• Given records:
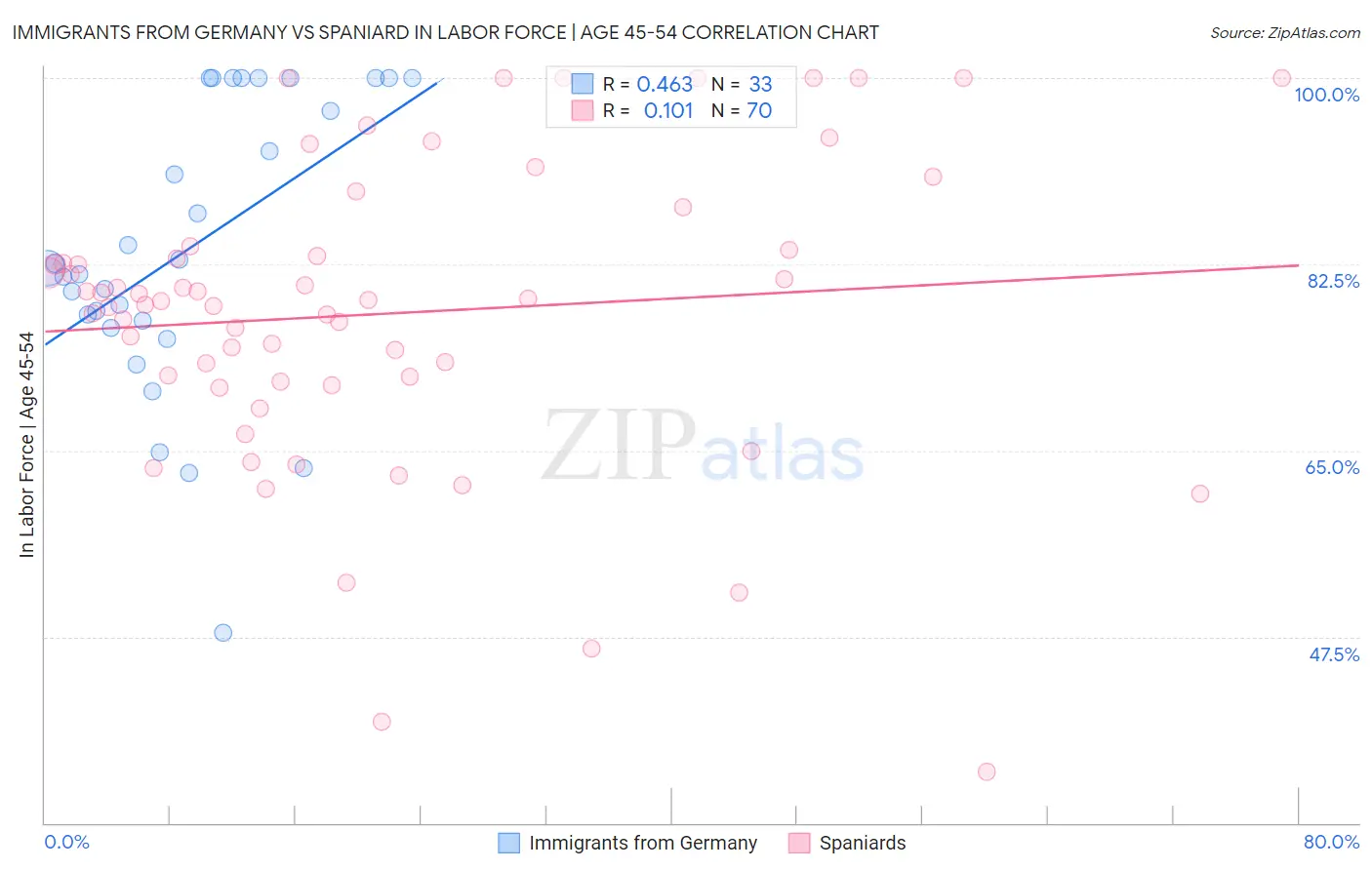 Immigrants from Germany vs Spaniard In Labor Force | Age 45-54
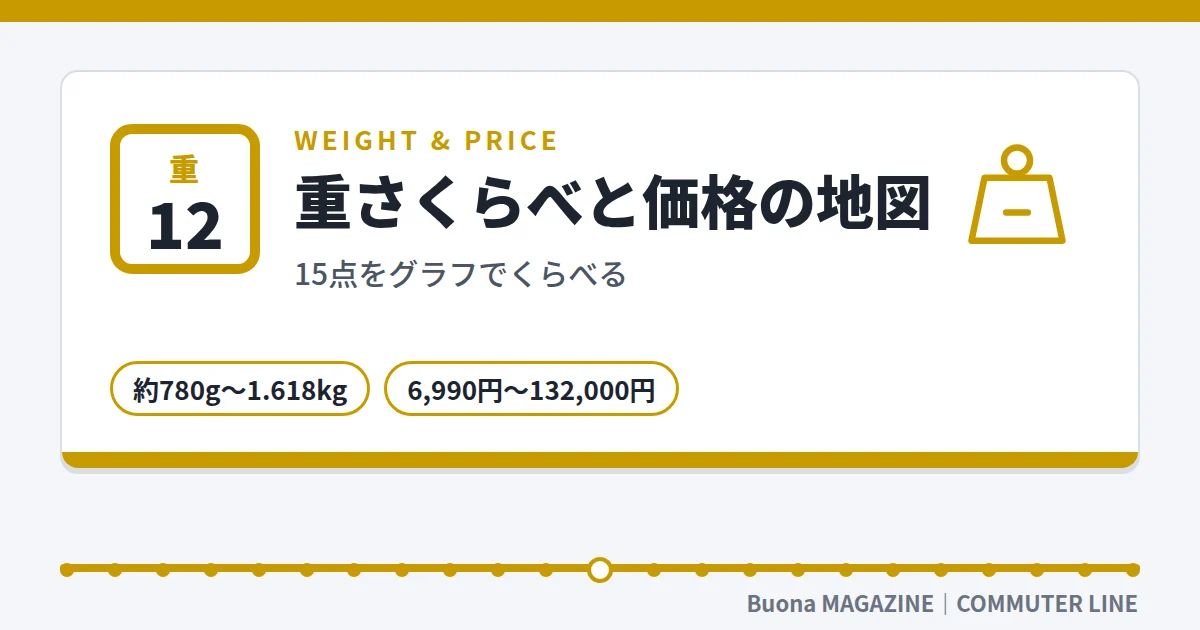 ビジネスリュック|重さくらべと価格の地図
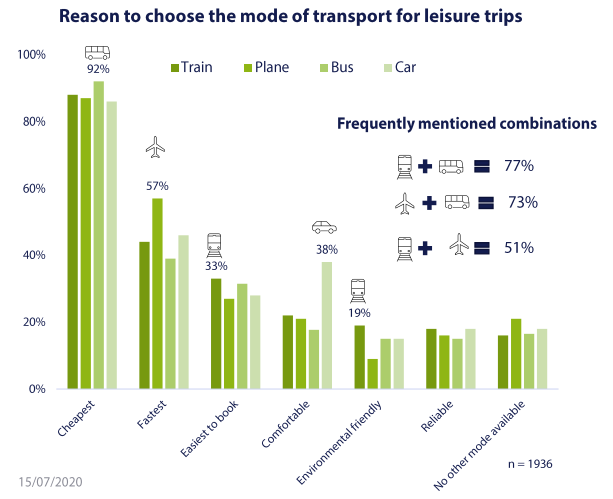 erasmus travel costs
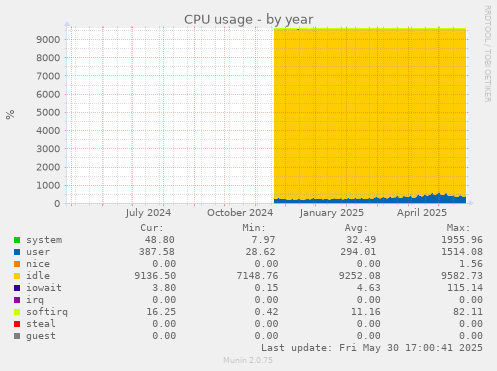 CPU usage
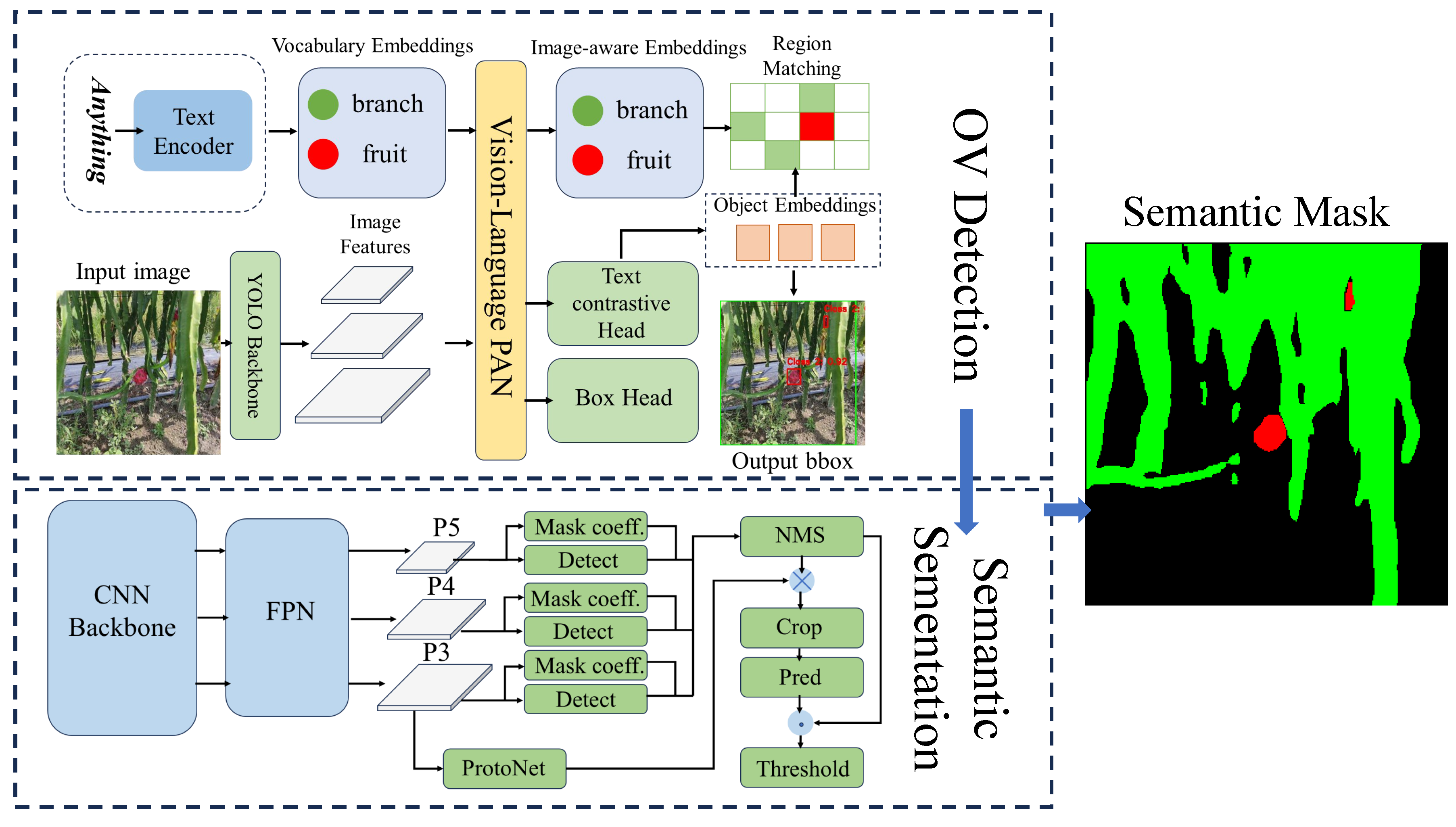 Preprints 195817 g003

• Task to complete: Reproduce the whole listing above character for character; pictures do not belong in it.

• Solved problem:
 Immigrants from Germany vs Spaniard In Labor Force | Age 45-54
 ビジネスリュック|重さくらべと価格の地図
 erasmus travel costs
 CPU usage
 Preprints 195817 g003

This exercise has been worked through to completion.